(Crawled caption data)
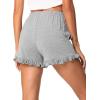 imageWiWi Bamboo Visose Pajama Shorts for Women Soft Sleep Bottoms Plus Size Lounge Boxers Pj Sleepwear Bottom S4XBheather Grey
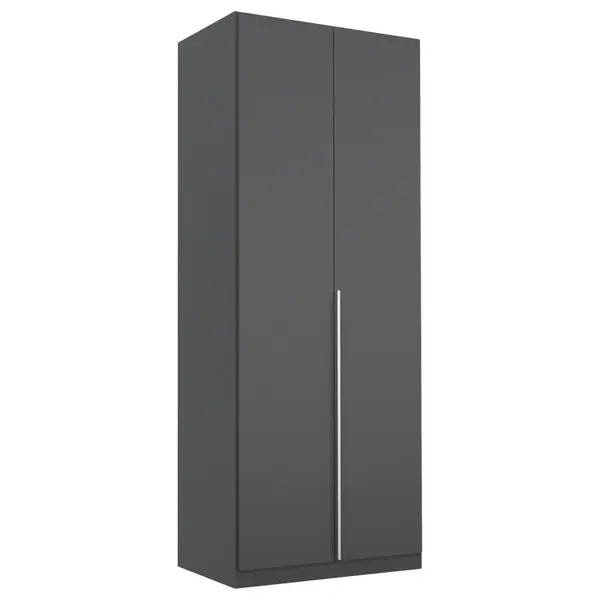 Rauch Möbel ŠATNÍ SKŘÍŇ S OTOČNÝMI DVEŘMI, šedá, 91/229/54 cm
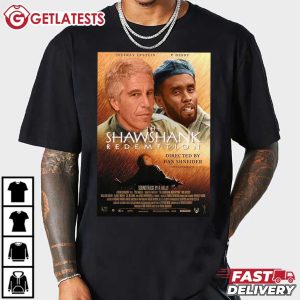 The Shawshank Redemption Jeffrey Epstein P Diddy Meme T Shirt (3)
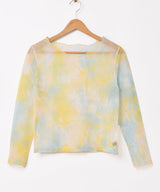 【3色展開】Meridian 総柄 長袖 シアーカットソー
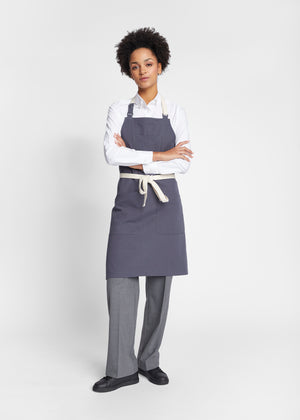 Copenhagen Cotton Canvas Halter (Neck Strap) Apron (Dark Gray)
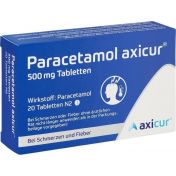 Paracetamol axicur 500 mg Tabletten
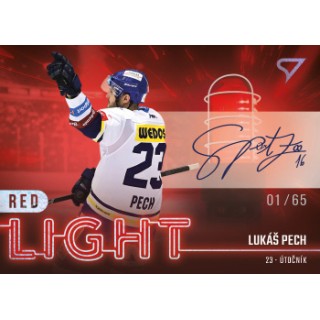 2022-23 SportZoo ELH - Red Light RL-08 Lukáš Pech (Base, /50, /65 Auto)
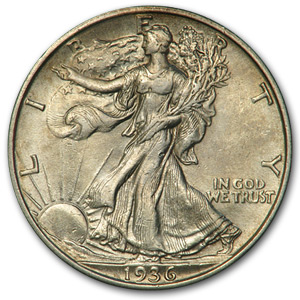 Buy 1936-D Walking Liberty Half Dollar AU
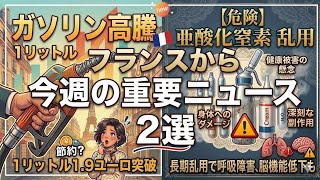 フランス🇨🇵の現実に迫る ガソリン€1.90突破と忍び寄る健康被害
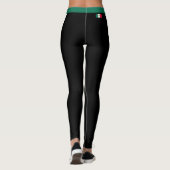 Zwarte Mexicaanse mode leggings (Achterkant)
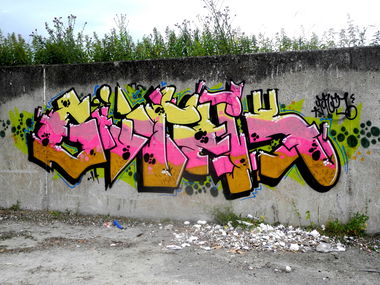 Graffiti Wall - Photo by Bosniak (2014)
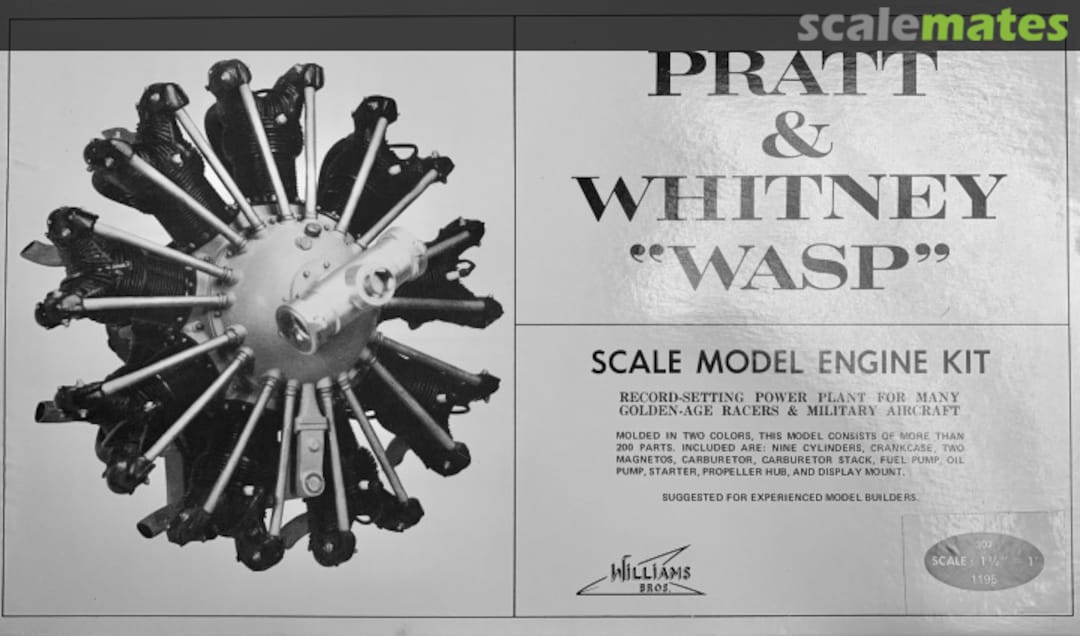 Boxart Pratt & Whitney Wasp 307 Williams Brothers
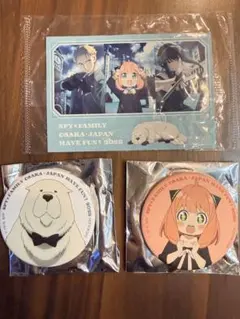 SPYFAMILY☆万博限定　缶バッチ、ステッカー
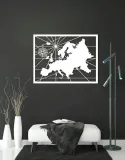 obraz-panel-dekoracja-scienna-mapa-europy-3d-format-poziomy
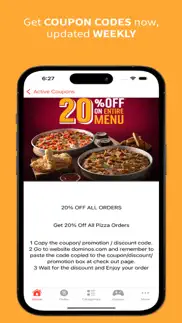 coupons for dominos pizza iphone bildschirmfoto 2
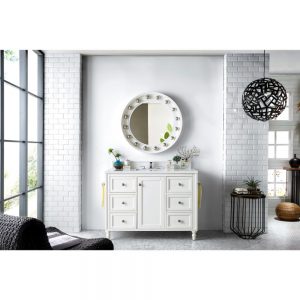 Copper Cove Encore 48 Inch Bathroom Vanity in Bright White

→ **TRY IT**:
Extract, word for word, each line from the top of the data down to and including the line with "2022-23 SportZoo ELH"; skip the pictures.

→ **YOUR SOLUTION**:
 imageWiWi Bamboo Visose Pajama Shorts for Women Soft Sleep Bottoms Plus Size Lounge Boxers Pj Sleepwear Bottom S4XBheather Grey
 Rauch Möbel ŠATNÍ SKŘÍŇ S OTOČNÝMI DVEŘMI, šedá, 91/229/54 cm
 The Shawshank Redemption Jeffrey Epstein P Diddy Meme T Shirt (3)
 【3色展開】Meridian 総柄 長袖 シアーカットソー
 Copenhagen Cotton Canvas Halter (Neck Strap) Apron (Dark Gray)
 Paracetamol axicur 500 mg Tabletten
 2022-23 SportZoo ELH - Red Light RL-08 Lukáš Pech (Base, /50, /65 Auto)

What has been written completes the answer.